Detroit es, también, la crònica de una toma de conciencia, la de Larry, el prometedor y talentoso vocalista que confia en salir del ghetto y en darse la gran vida gracias a sus dotes como cantante, y que cuando vive el infierno del racismo y la violencia en sus propias carnes comprende que sus bailables canciones románticas no son más que cómplices de la injusticia, y que el hecho de que él pueda salir de la mierda en ningún modo va a significar que ésta vaya a oler menos. Su experiencia es quizá la más dura de esta obra que Kathryn Bigelow llena de la energía y el vigor que le son propios, y que basa buena parte de su atractivo en el arduo y eficaz trabajo de montaje, cuestión siempre importante pero capital en este caso, dado el modo de filmar de la directora. Por su parte, la fotografía está en consonancia con una película oscura, en todos los sentidos. Mientras la banda sonora de James Newton Howard pasa bastante desapercibida, la selección musical ofrece un fiel retrato del sonido Detroit, haciendo énfasis en las canciones de los Dramatics, dado que varios miembros de la formación vivieron en primera persona los sucesos descritos.
En el reparto, se prescinde de grandes estrellas y se confía en jóvenes intérpretes para darle más verosimilitud al relato, lo cual considero un acierto. John Boyega, actor en auge que interpreta a un guardia de seguridad negro que asiste en directo a la masacre, está a buen nivel, pero no a la altura de Algee Smith, que da vida a Larry y hace un trabajo realmente completo, ni tampoco a la de Will Poulter, magnífico en la piel del líder del violento grupo de policías. Tanto Jacob Latimore como Ben O´Toole hacen también una labor digna de elogio, aunque otro de los puntos fuertes de la película en el capítulo interpretativo lo encontramos en Hannah Murray, en el rol de una prostituta blanca atrapada en el infierno junto a una amiga.

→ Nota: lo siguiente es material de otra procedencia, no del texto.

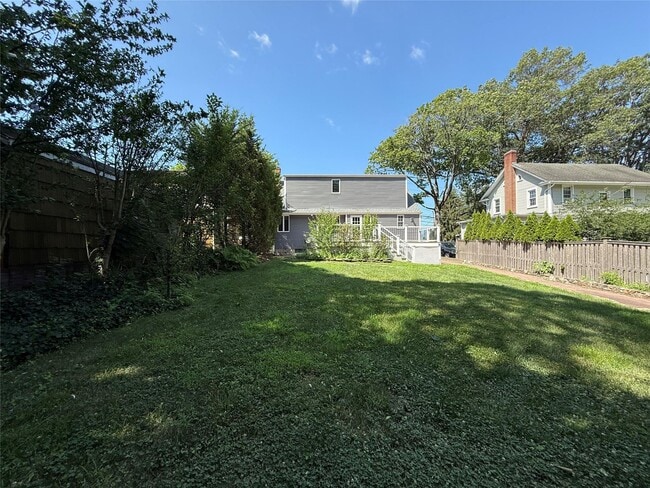 Building Photo - 186 Nassau Rd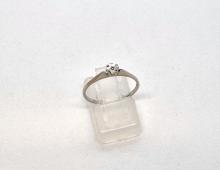 Ring wit goud diamantje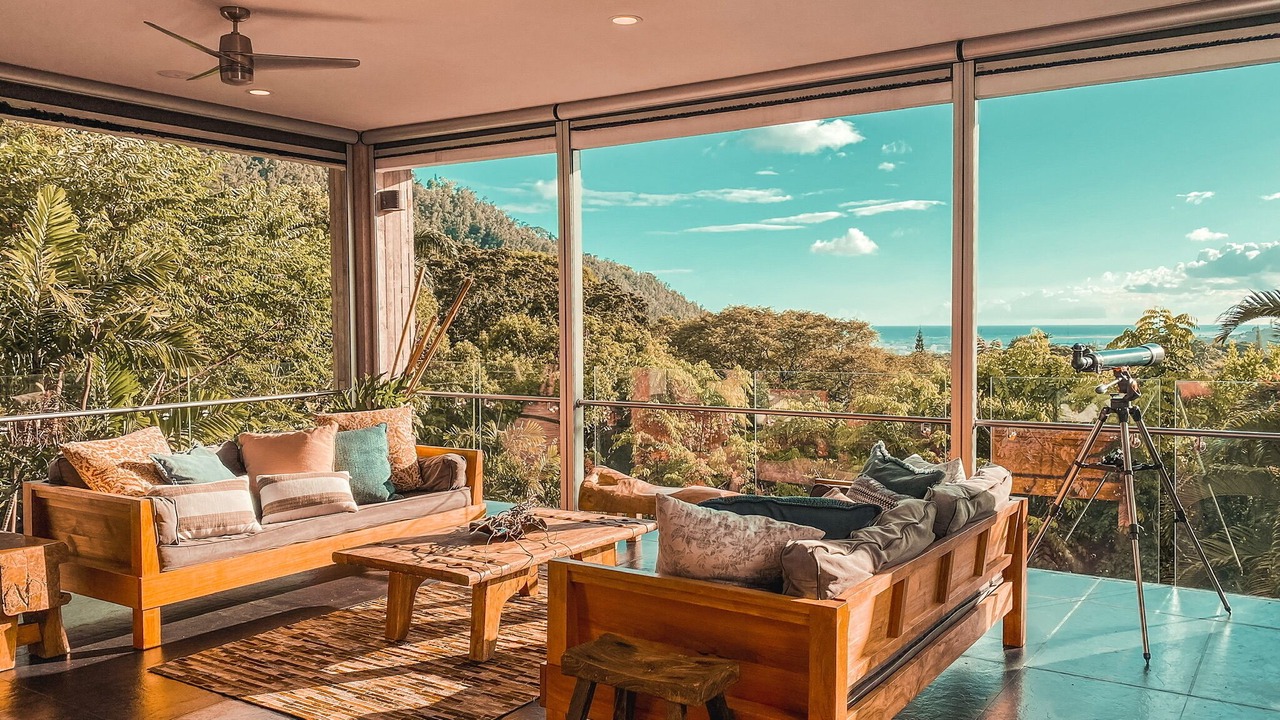 Photo of Others in Downtown Honolulu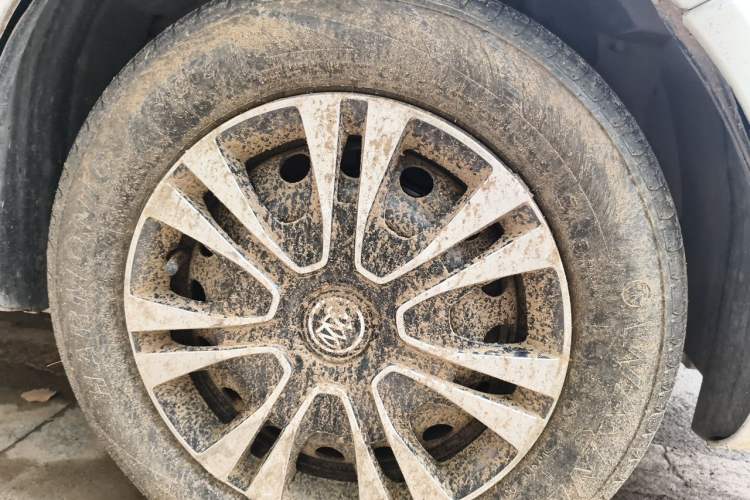 Used Buick Excelle 2013 1.5L Automatic Classic Model Right Front Wheel Hub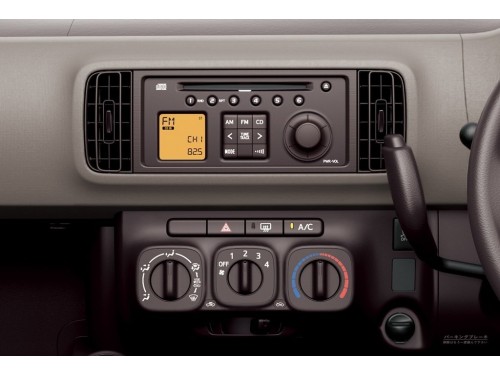 Характеристики автомобиля Toyota Passo 1.0 X G Package 4WD (04.2014 - 03.2016): фото, вместимость, скорость, двигатель, топливо, масса, отзывы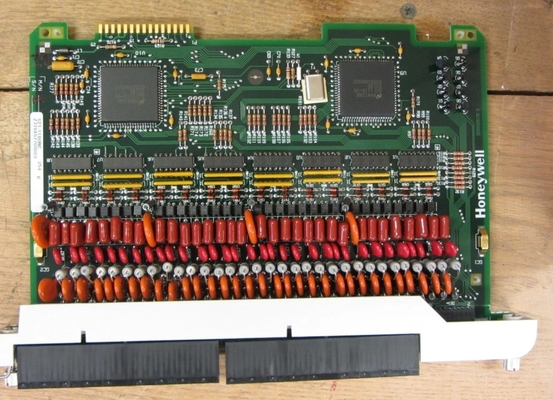 Honeywell 621-1180RC 115 VAC Digital Input Board 32 PT PLC-module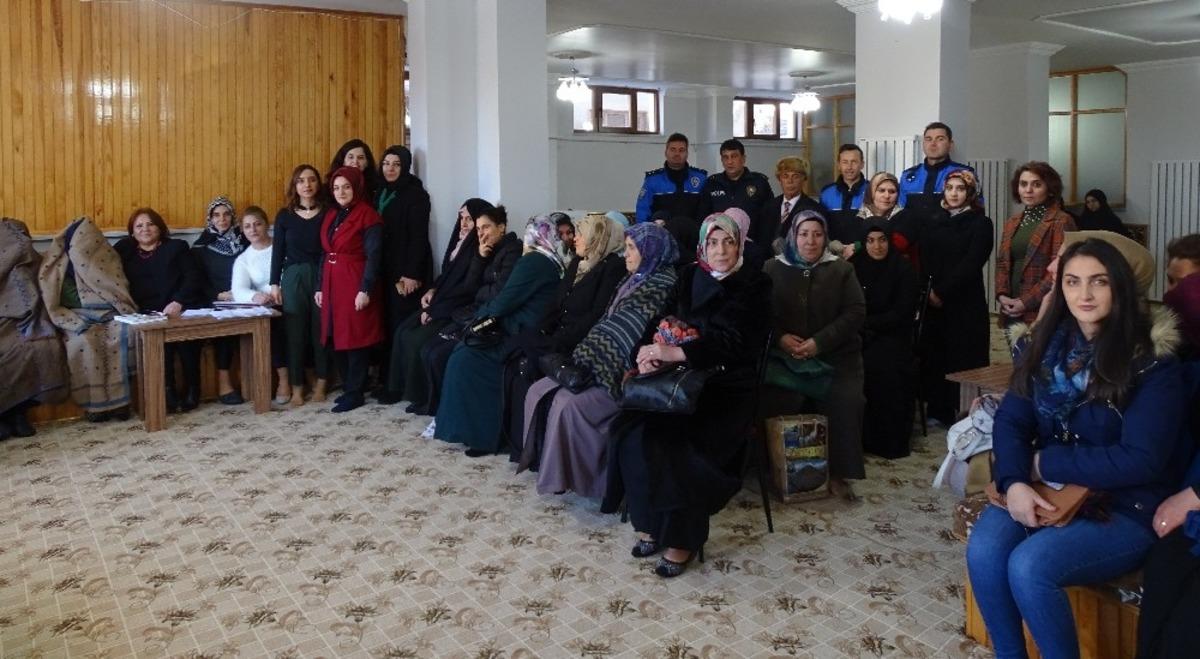 Bayburt&rsquo;ta &ldquo;Aile ve Kadın&rdquo; temalı &ccedil;alıştay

A la hora de describir lo que ocurrió en el Motel Algiers de Detroit, Kathryn Bigelow firma un trabajo excelente, en el que se percibe el esfuerzo realizado en cuanto a la documentación. La primera media hora no está a menor nivel, aunque la transición entre ambos marcos narrativos pueda ser mejorable. En todo caso, he aquí un ejemplo del mejor cine estadounidense contemporáneo, cuya calidad va más allá de su valor ético o testimonial, y una nueva confirmación del talento de una gran directora.